Alternatively, the GSEA, which is based on a modified Kolmogorov–Smirnov test, compares distributions of p values for genes in a pathway with the rest of the genes, and makes use of the continuous information in the p values (Subramanian et al.2005). GSEA has been successfully applied to identify the IL-12/IL-23 pathway that is significantly related to Crohn's disease (Wang et al.2009). We applied GSEA to analyse the schizophrenia GAIN dataset and found several significant pathways that are related to apoptosis, inflammation, and the immune system (e.g. TNFR1 pathway, TGFβ pathway, TOB1 pathway). This result supports the recent finding implicating the immune system (e.g. MHC region on chromosome 6) in schizophrenia by the ISC GWAS dataset as well as its combined analysis with MGS and SGENE GWAS datasets (Purcell et al.2009; Shi et al.2009; Stefansson et al.2009).
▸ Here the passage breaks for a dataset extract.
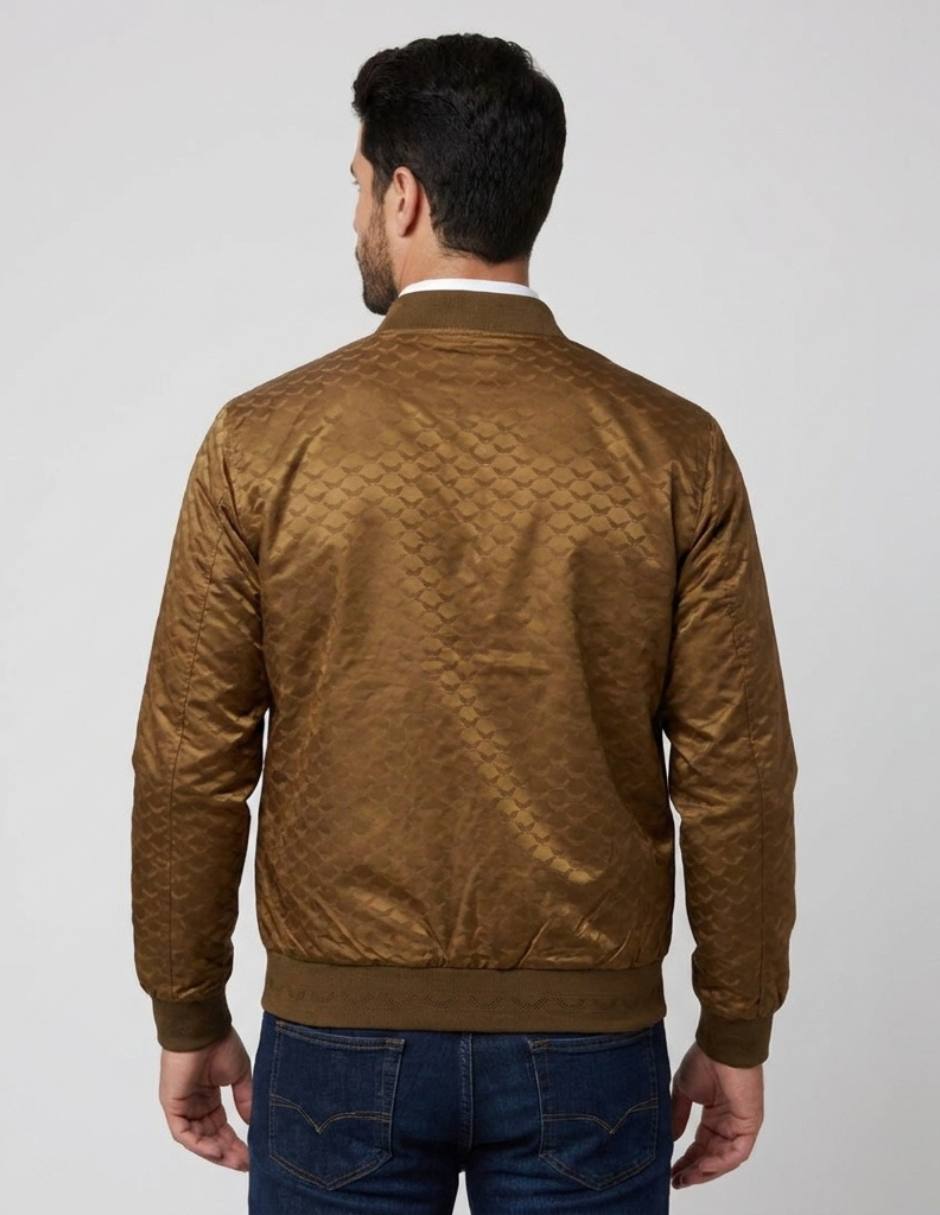 Chamarra casual con bolsillos para hombre 2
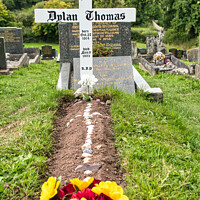 Buy canvas prints of Dylan Thomas' Final Resting Place by Roger Mechan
To test hypothesis 2, we first generated permutation datasets by randomizing the labels of cases/controls in the original GWAS dataset and then computed p values of each random set using the same method as in the real dataset. When the sample labels are randomized, SNP genotypes in the permutation datasets are independent of the diseases status, while the genomic structures between markers [e.g. the linkage disequilibrium (LD) structure] are maintained. Therefore, pathway analysis based on permuting sample labels accounts for LD patterns in the markers. An empirical p value on whether a pathway is significantly associated with the disease is then estimated in the same way as in O'Dushlaine et al. (2010), Wang et al. (2009) and our results above (Jia et al.2010).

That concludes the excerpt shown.